DATA SEGMENT
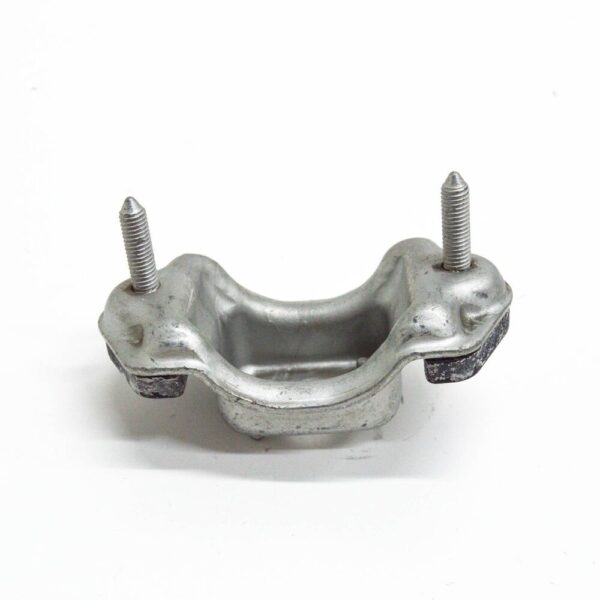 A1403200829 - MB S W140 Front Suspension Subframe Unit Stop A14003200829 NEW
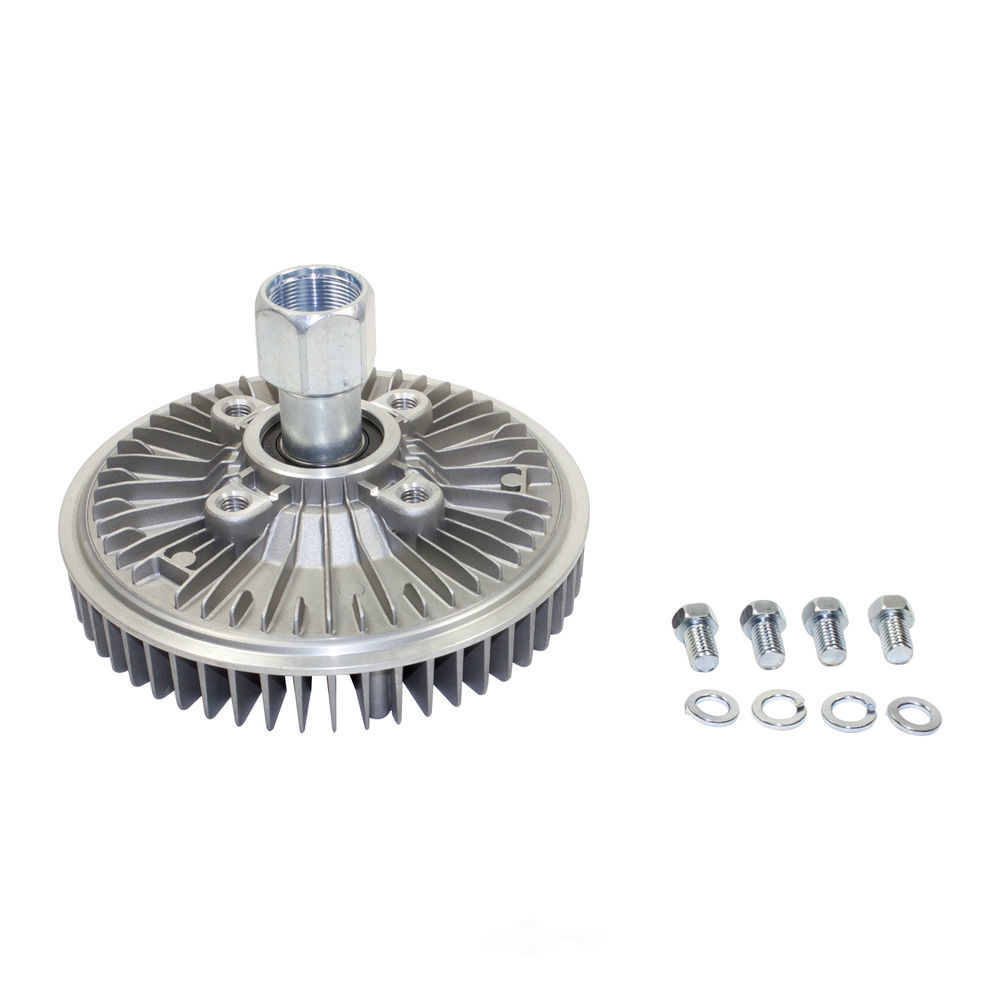 GMB - Engine Cooling Fan Clutch - GMB 930-2570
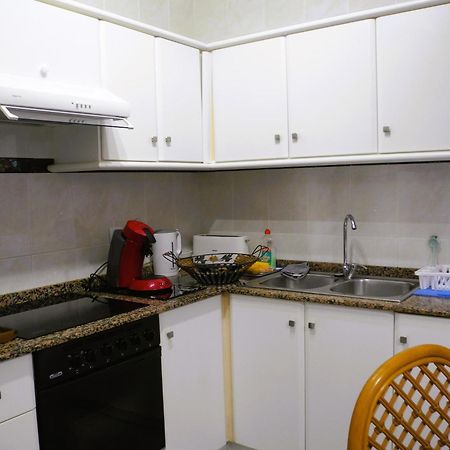 Apartemento Monika Monte Pedrera C 4 TOP Aussicht Dénia Exterior foto
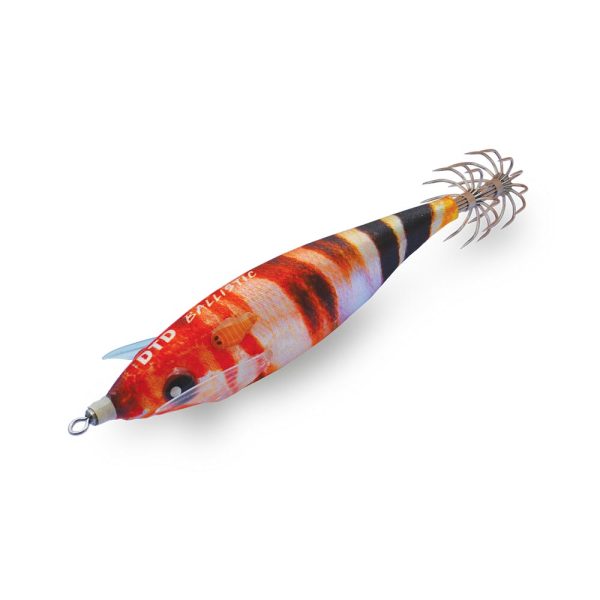 DTD Ballistic Real Fish #3.0B - Image 7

WHAT TO PRODUCE
Before copying the material, set its pictures aside; then transcribe it word for word.

WRITTEN SOLUTION
 A1403200829 - MB S W140 Front Suspension Subframe Unit Stop A14003200829 NEW
 GMB - Engine Cooling Fan Clutch - GMB 930-2570
 Apartemento Monika Monte Pedrera C 4 TOP Aussicht Dénia Exterior foto
 DTD Ballistic Real Fish #3.0B - Image 7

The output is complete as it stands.